Harvest is a bustling time of year in and around the winery, however in the months preceding I begin the careful process of hand selecting the very best fruit while it’s still on the vine. It is necessary for our vineyard crews to understand our high standards, and “drop” any berry clusters that are less desirable. Dropping fruit is a measure we take in both of our estate vineyards to ensure that only the best fruit is harvested.
(Left: No grape cluster is perfect. Right: Fruit clusters that do not meet our standards are cut off and dropped.)
(The diagram above corresponds with the following discussion points.)
A: Once the berries have been hand harvested and brought to the winery, they are gravity fed into a hopper.
B: Harvest workers examine each berry cluster on a sorting table, eliminating any clusters that are undesirable.
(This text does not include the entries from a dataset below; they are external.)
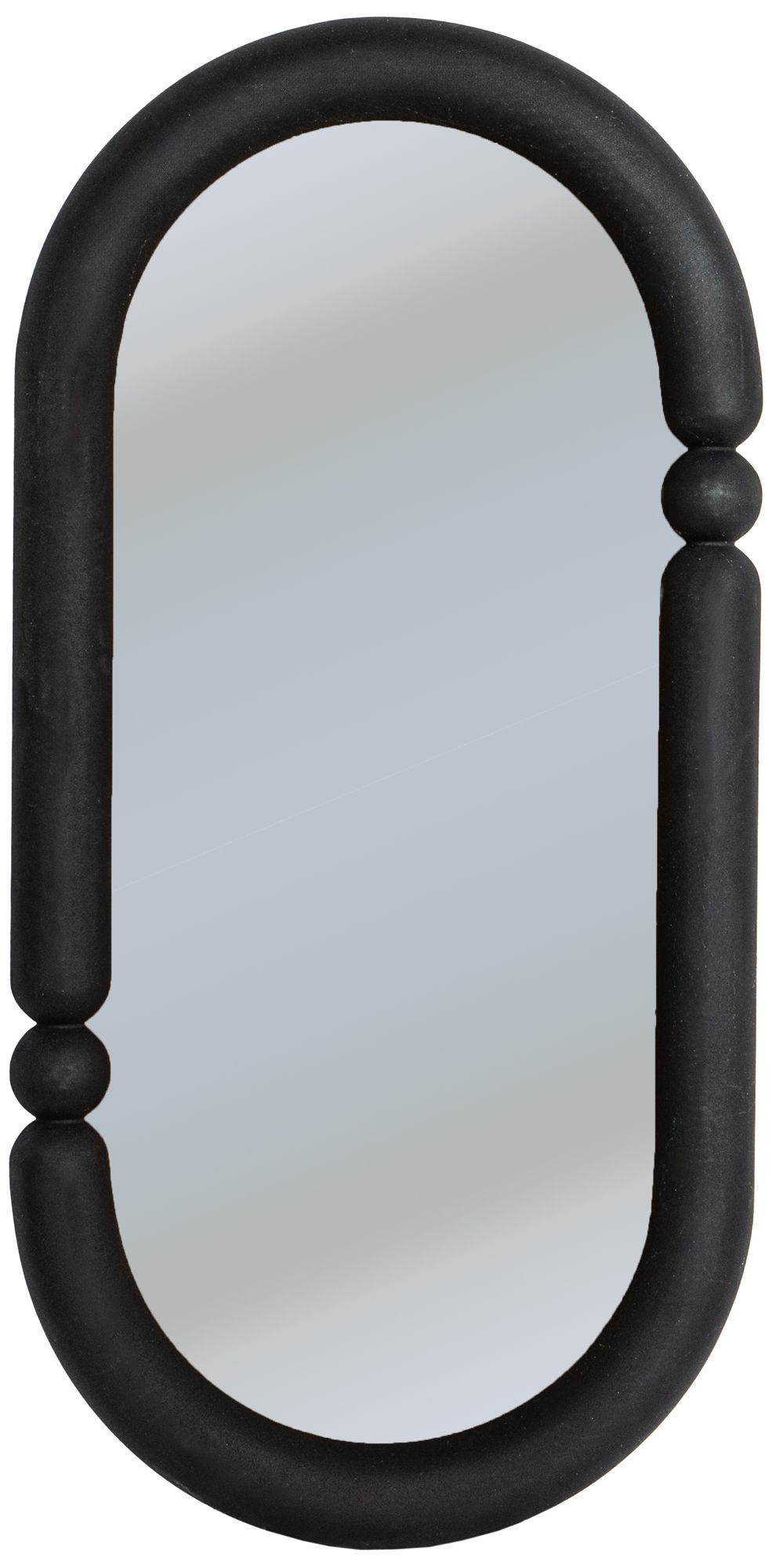 Oval Wood-Framed Wall Mirror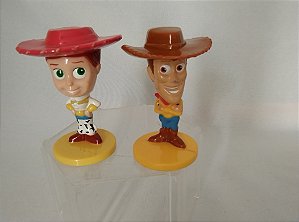 Bonecos Disney bobblehead  Woody e Jessie do Toy Story, promocionais Cartões Visa 2003, 7 cm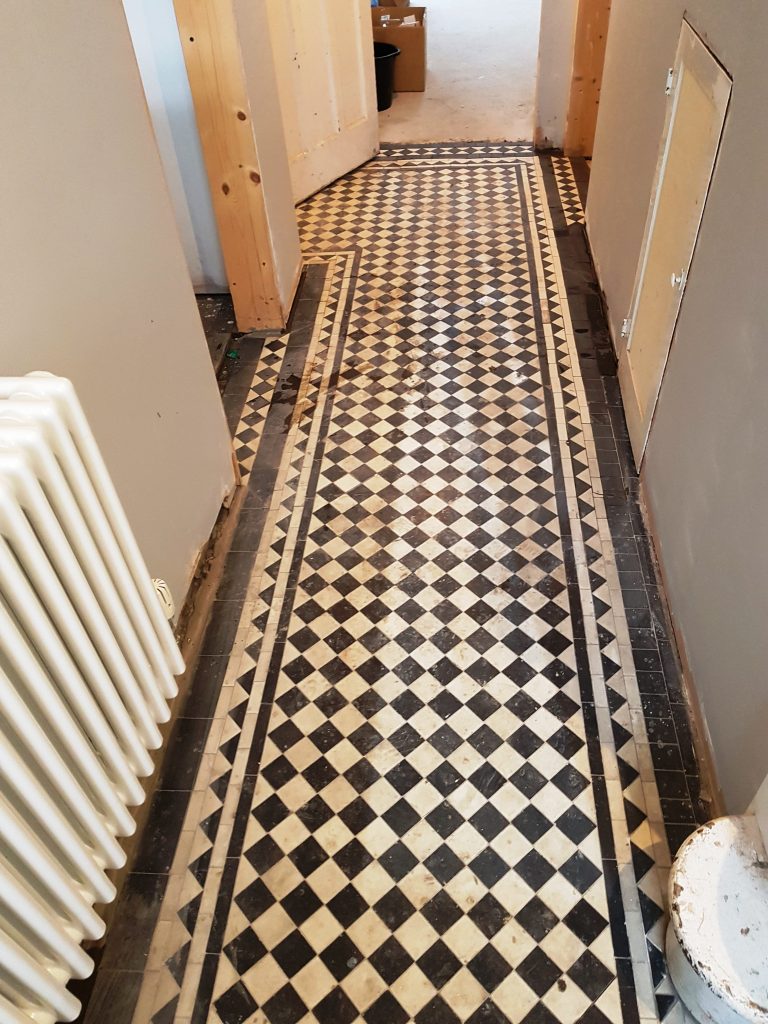 Black White Victorian Hallway Floor Before Cleaning Hale Barns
C: The clusters that make the grade travel up a conveyor belt and are gently gravity fed into destemming equipment.
D: Following the de-stemmer, the berries are optically sorted.
Cuvaison Estate Wines was one of the first, if not the first winery in the United States to employ the use of a Pellenc Optical Sorter. We use this highly tuned French technology for both Cuvaison Pinot Noir and Brandlin Cabernet Sauvignon grapes.
The optical sorter scans individual berries at a rate of 1000 berries per second, and rejects those that do not meet our stringent criteria. With its high accuracy, we have peace of mind knowing that only the finest fruit will make it into our wines.
The image above shows a comparison between berries that the optical sorter rejected (at left) and the berries that the optical sorter identified as keepers (at right).
Once the berries are optically sorted, they are pressed. Many wineries transfer the freshly pressed juice via a hose, however we believe this fresh and delicate product must be handled more gently. Therefore we gravity feed into stainless steel open top fermenters.